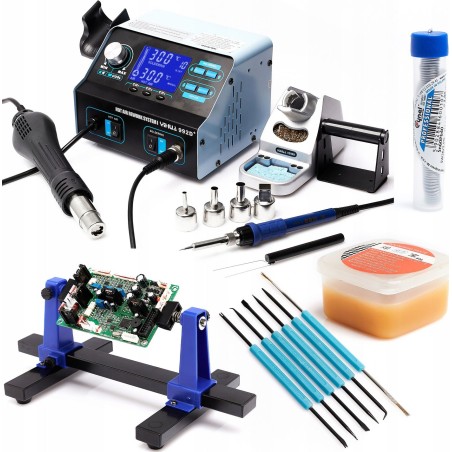 Techrebal Heißluftlötkolben YIHUA 992D+ mit Leiterplattenhalterung, Zinn, 75 W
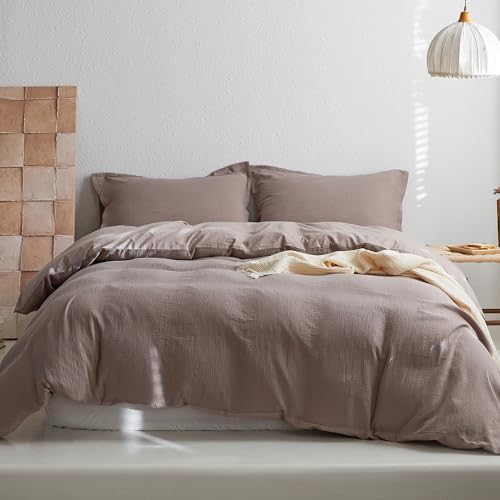 Simple&Opulence Muslin King Duvet Cover Set, 100% Cotton Ultra Soft and Lightweight Textured Puckering Bed Duvet Cover with 2 Pillowcases (230×220cm, Coffee Grey)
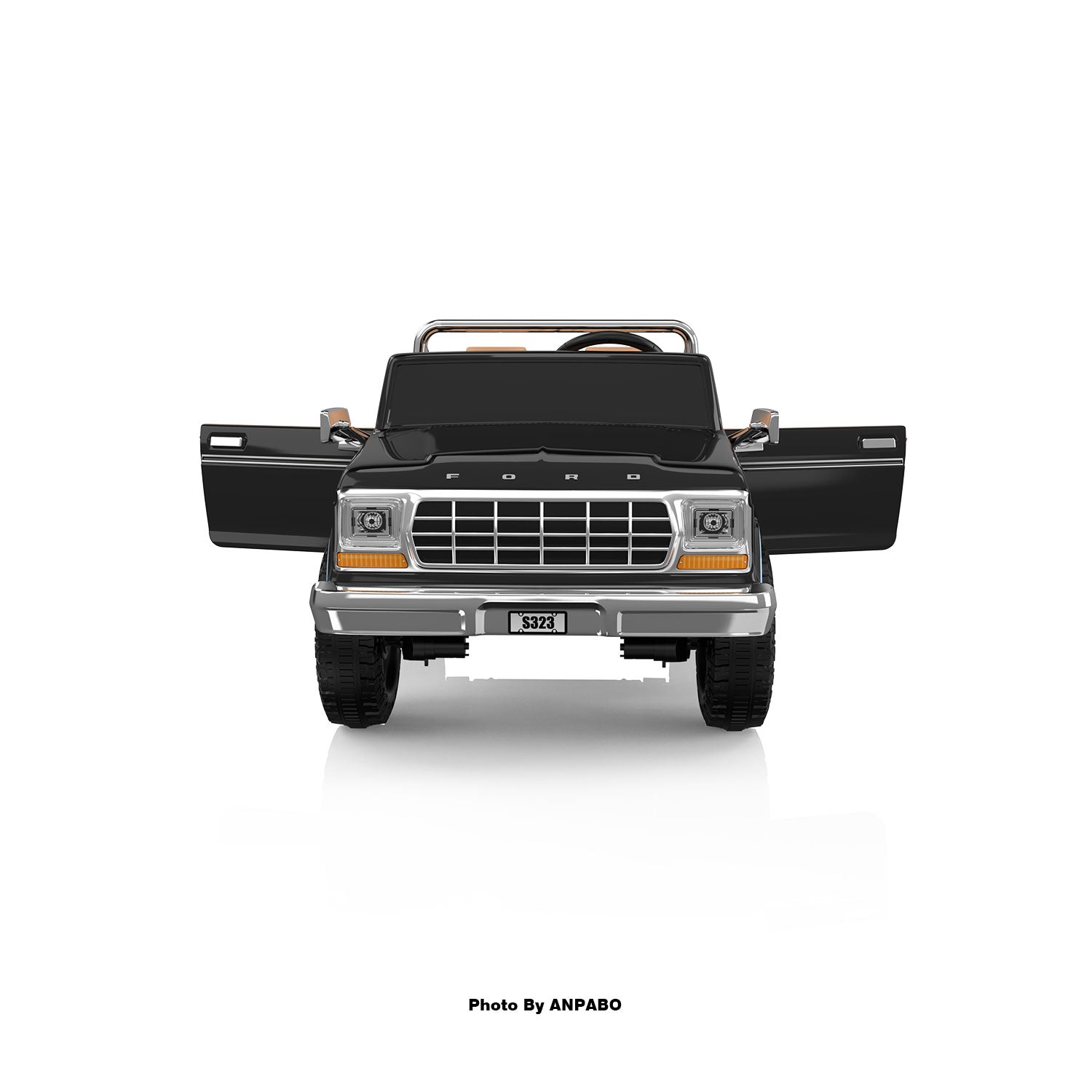 24V Classic Ford Bronco: black Retro Legend, Ready for Dual Adventures-black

• **Assignment**
What is needed is a word-for-word copy of the data, minus its pictures.

• **Exercise response**
 Techrebal Heißluftlötkolben YIHUA 992D+ mit Leiterplattenhalterung, Zinn, 75 W
 Simple&Opulence Muslin King Duvet Cover Set, 100% Cotton Ultra Soft and Lightweight Textured Puckering Bed Duvet Cover with 2 Pillowcases (230×220cm, Coffee Grey)
 24V Classic Ford Bronco: black Retro Legend, Ready for Dual Adventures-black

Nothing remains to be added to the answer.